Bug 608027

Summary: cannot transfer files back to submit machine
Product: Red Hat Enterprise MRG Reporter: Martin Kudlej <mkudlej>
Component: condorAssignee: Timothy St. Clair <tstclair>
Status: CLOSED DEFERRED QA Contact: Martin Kudlej <mkudlej>
Severity: medium Docs Contact:
Priority: high    
Version: 1.3CC: alyoung, matt, tstclair
Target Milestone: 1.3.2   
Target Release: ---   
Hardware: All   
OS: Windows   
Whiteboard:
Fixed In Version: condor-7.4.5-0.2 Doc Type: Bug Fix
Doc Text:
Story Points: ---
Clone Of: Environment:
Last Closed: 2011-02-15 15:23:05 UTC Type: ---
Regression: --- Mount Type: ---
Documentation: --- CRM:
Verified Versions: Category: ---
oVirt Team: --- RHEL 7.3 requirements from Atomic Host:
Cloudforms Team: --- Target Upstream Version:
Embargoed:
Attachments:
Description Flags
ls output, SchedLog, job description file, job executable, condor_transfer_data output none

Description Martin Kudlej 2010-06-25 12:47:23 UTC
Description of problem:
I've tried to transfer files back to submit machine as is described in BZ607938 and I cannot do it because of authentication problem.
Condor on submit machine is set to Claimtobe authentication and also CM+Scheduler is set to Claimtobe. Error:
$ condor_tranfer_data.exe -name <schedd name> <clusterid>
Fetching data files...
AUTHENTICATE: 1002:Failure performing handshake
ERROR: Failed to spool job files

The same output is there if I try also -pool argument.

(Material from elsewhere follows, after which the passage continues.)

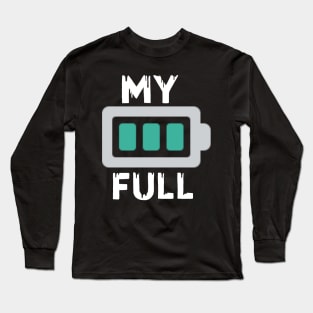 My battery full Long Sleeve T-Shirt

Please see configuration files in BZ607938.

Comment 1 Martin Kudlej 2010-06-25 13:04:49 UTC
Just fro notice I've submitted test job from BZ607938 without "+LeaveInjobQueue=False".

Comment 2 Matthew Farrellee 2010-06-27 12:40:51 UTC
Please enable D_SECURITY for the Schedd (SCHEDD_DEBUG) and for condor_transfer_data (via TOOL_DEBUG), and check the SchedLog for information as to why the connection is being DENIED.

Comment 3 Martin Kudlej 2010-06-28 13:45:19 UTC
I've set SCHEDD_DEBUG = D_SECURITY on CM and TOOL_DEBUG = D_ALL on both machines.
There are output from ls in cluster directory, SchedLog, output from condor_transfer_data, job description file and job executable file in attachment.

Comment 4 Martin Kudlej 2010-06-28 13:46:27 UTC
Created attachment 427424 [details]
ls output, SchedLog, job description file, job executable, condor_transfer_data output

Comment 5 Martin Kudlej 2010-06-29 08:55:01 UTC
If I submit same job from Linux machine, I can transfer files back to submit machine.

Comment 6 Timothy St. Clair 2010-06-29 15:06:33 UTC
set 
SEC_DEFAULT_AUTHENTICATION_METHODS = CLAIMTOBE
in your condor_config.local on windows

Also, set aside a 3rd party location like C:\Temp not windows\temp for your files and verify the user submitting has write permissions to this location.

There are several issues with capturing stdout & stderr on windows so you may want to have your bat file spew to a txt file and transfer ON_EXIT.

Under these conditions all is well in my env.  

Please attempt to repo error with the settings listed above.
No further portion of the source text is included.